Однажды, рассказывая об этом, я заново так сильно все переживала, что это чувство передалось моему внуку: «Бабу, картина разлуки у поезда из „Доктора Живаго“ — это как твое путешествие».
Казалось, что мы никогда никуда не приедем. В полумраке вагона, бросаемого справа налево и слева направо, стремящегося под неровный стук колес к неопределенной цели, мы были полностью оторваны от нашей предыдущей жизни.
Иногда поезд останавливался посреди пустого поля. Недостаток угля? Близость фронта?
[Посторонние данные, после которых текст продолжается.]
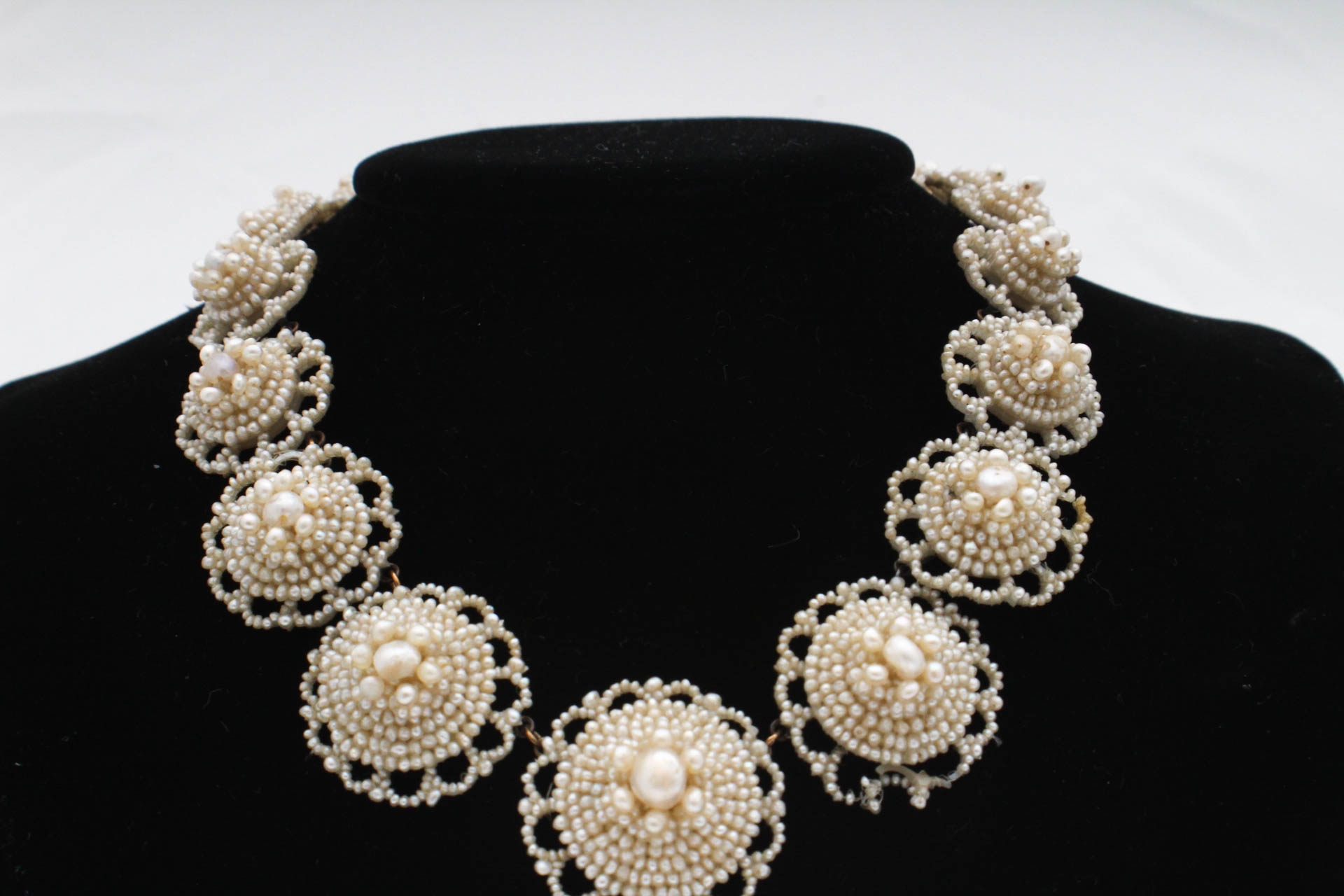 Victorian 14K Yellow Gold Mother of Pearl Backed Seed Pearl Necklace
Бандиты?.. Все выходили из вагонов…
Случалось, что в дороге мы получали помощь Красного Креста. Я навсегда запомнила неповторимый вкус сгущенного молока, которое раздавали детям.
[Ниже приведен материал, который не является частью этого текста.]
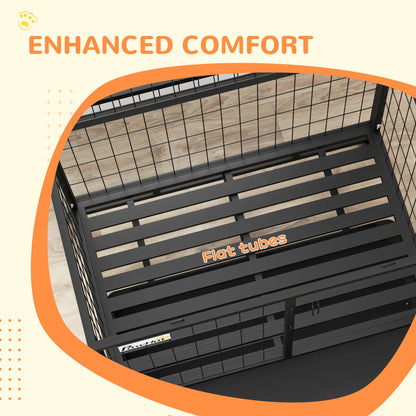 Top view of heavy duty metal dog kennel with flat tubes for enhanced comfort and durability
Остановки! Русские равнины, поля, цветы, летнее солнце… Но измученные люди их больше не видели…
Наступил все же день, когда мы приехали в Харьков. Возвращение к жизни! Вероятно, в наши дни космонавты чувствуют то же самое, приземляясь. Поезд в Рубежное уходил с другого вокзала. Надо было взять извозчика.
— Сколько я вам должна? — спросила мама.
— Сорок рублей.
— Вот последние, — и мама опустошила кошелек.
Извозчик поднял на нас глаза; надо думать, что вид у нас был невеселый. Папа с корзиной, маленькая Люша, уже слишком тяжелая для мамы, и я с Бусей. «Давайте двадцать», — сказал извозчик. Мы запомнили этого человека на всю жизнь.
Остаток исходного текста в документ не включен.